Dans certains pays tropicaux pousse un arbre en forme de roue de paon, le Ravenale. On l'appelle aussi arbre du voyageur : à sa base demeure toujours un peu d'eau.

Ainsi au fut du premier pilier, s'offre une conque. Que le voyageur s'en purifie. Qu'il y puise fraîcheur et jeunesse. Une eau l'attend : elle le lavera des souillures qui font la vieillesse. Cette conque est eau de jouvence. Eau du repos, eau du repos d'avant les temps : l'Esprit y a miré son ombre.

Eau plane, plane et rase ! Eau calme et chaste ! Cette eau, il lui a été donné puissance de faire naître une vie nouvelle, que sous sa bénédiction le tronc desséché reverdisse.

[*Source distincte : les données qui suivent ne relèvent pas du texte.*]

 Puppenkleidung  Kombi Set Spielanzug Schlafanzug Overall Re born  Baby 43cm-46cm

L'eau, mon fils, t'attend aux portes de l'église. Pense aux points d'eau qui jalonnent la route des hébreux au désert. Cette eau, contre le pilier, elle est l'eau sortie du rocher au heurt de Moïse, l'eau jaillie à la droite du temple et pour tes péchés l'eau jaillie à la droite de Jésus sous le coup de lance qui perça son cœur.

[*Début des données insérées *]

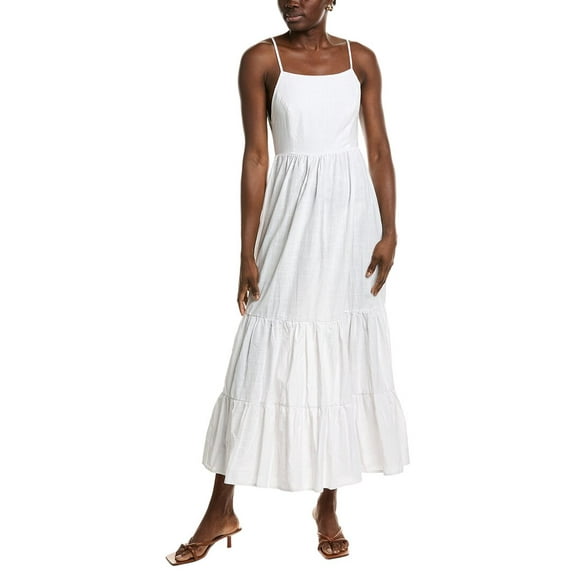 IPPONELLI womens  Tiered Midi Dress, m, White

Eau miraculeuse et telle que la Mer Morte elle-même regorgeant de poissons. Eau royale, marquée du chrême elle aussi. Mystère de l'eau, plus que tout élément mêlée au mystère de notre salut. Eau marquée du Christ, eau christifiée par le  chrême, eau de notre baptême si proche de cette eau que nous tend la conque. Mon fils, y penses-tu, quand d'une main inattentive tu en humectes ton front ?

Eau séparée par le souffle de la nuit pascale, eau séparée comme la Mer Rouge et le Jourdain, eau primitive, témoin des eaux de la Création. Quatre fleuves, un par horizon bordaient de leurs eaux le paradis.

Sache la noblesse de cette eau. Vénère-la : elle délivre des idoles. Voyageur, voyageur, voici l'étape et le Maître de Maison comme à la Cène t'accueille. Il a ceint le tablier. Il a pris l'aiguière et la cuvette. Non, Pierre, ne  proteste pas.

Nous avons vu des fleuves tropicaux. D'une houle aux cent souffles, ils exfolient les continents. Nous avons vu des rizières et les paysans dans la surface lumineuse repiquant des touffes. Nous avons vu des fontaines dans des jardins désaffectés, leur chant disait même la joie. Nous avons vu rades avec des rocs couverts de fleurs où criaient des singes. Ce n'était qu'image de ces quelques gouttes d'eau. Dans une vasque un peu moisie (ce cerne vert) : l'eau jaillie du temple à ton côté Christ, l'eau de la Grâce.